From 28cb7c80aaeb4f58322dc63960ea5cca308ba454 Mon Sep 17 00:00:00 2001
From: Guillaume Lemaitre <g.lemaitre58@gmail.com>
Date: Fri, 17 Jul 2020 11:14:17 +0200
Subject: [PATCH 08/17] iter

---
 sklearn/metrics/_scorer.py                  | 23 ++++++-
 sklearn/metrics/tests/test_score_objects.py | 72 ++++++++++++++++++++-
 2 files changed, 91 insertions(+), 4 deletions(-)

diff --git a/sklearn/metrics/_scorer.py b/sklearn/metrics/_scorer.py
index b824b9b0cbcb8..8dc8fb4b8293a 100644
--- a/sklearn/metrics/_scorer.py
+++ b/sklearn/metrics/_scorer.py
@@ -239,7 +239,13 @@ def _score(self, method_caller, clf, X, y, sample_weight=None):
         y_pred = method_caller(clf, "predict_proba", X)
         if y_type == "binary":
             if y_pred.shape[1] == 2:
-                y_pred = y_pred[:, 1]
+                if "pos_label" in self._kwargs:
+                    col_idx = np.flatnonzero(
+                        clf.classes_ == self._kwargs["pos_label"]
+                    )[0]
+                else:
+                    col_idx = 1
+                y_pred = y_pred[:, col_idx]

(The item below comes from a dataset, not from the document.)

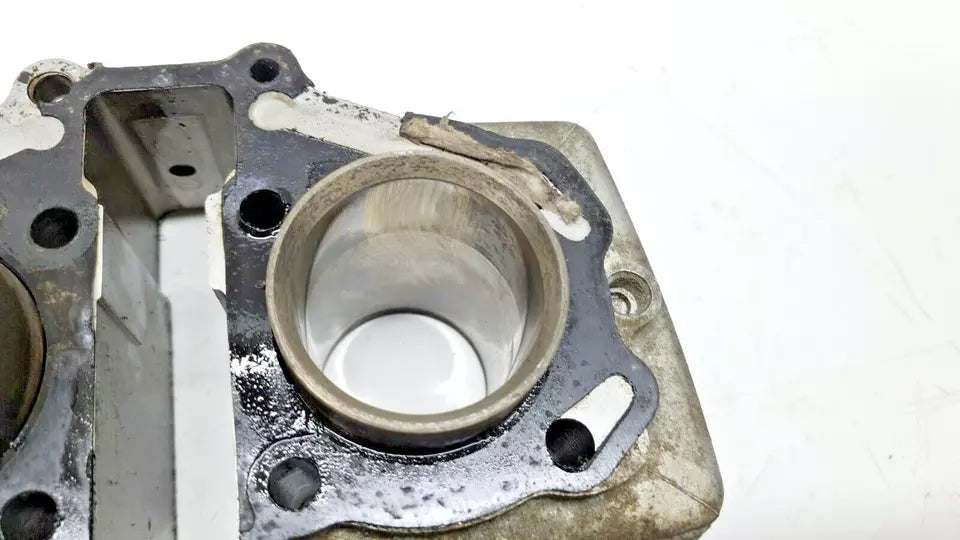 Cylindre & pistons 44m Honda CM 125 T 1978-1981 N°2 Réf : 12100-399-000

             elif y_pred.shape[1] == 1:  # not multiclass
                 raise ValueError('got predict_proba of shape {},'
                                  ' but need classifier with two'
@@ -296,6 +302,13 @@ def _score(self, method_caller, clf, X, y, sample_weight=None):
             y_pred = method_caller(clf, "predict", X)
         else:
             try:
+                if (
+                    y_type == "binary"
+                    and self._score_func.__name__ == "roc_auc_score"

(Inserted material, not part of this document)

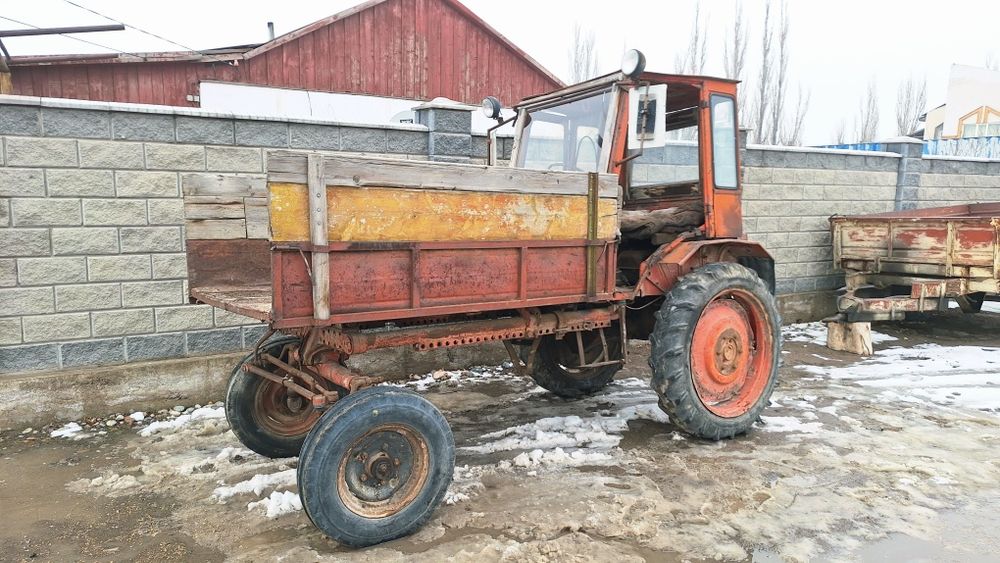 Продам трактор т-16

+                    and "pos_label" not in self._kwargs
+                ):
+                    self._kwargs["pos_label"] = clf.classes_[1]
+
                 y_pred = method_caller(clf, "decision_function", X)
 
                 # For multi-output multi-class estimator
@@ -307,7 +320,13 @@ def _score(self, method_caller, clf, X, y, sample_weight=None):
 
                 if y_type == "binary":
                     if y_pred.shape[1] == 2:
-                        y_pred = y_pred[:, 1]
+                        if "pos_label" in self._kwargs:
+                            col_idx = np.flatnonzero(
+                                clf.classes_ == self._kwargs["pos_label"]
+                            )[0]
+                        else:
+                            col_idx = 1
+                        y_pred = y_pred[:, col_idx]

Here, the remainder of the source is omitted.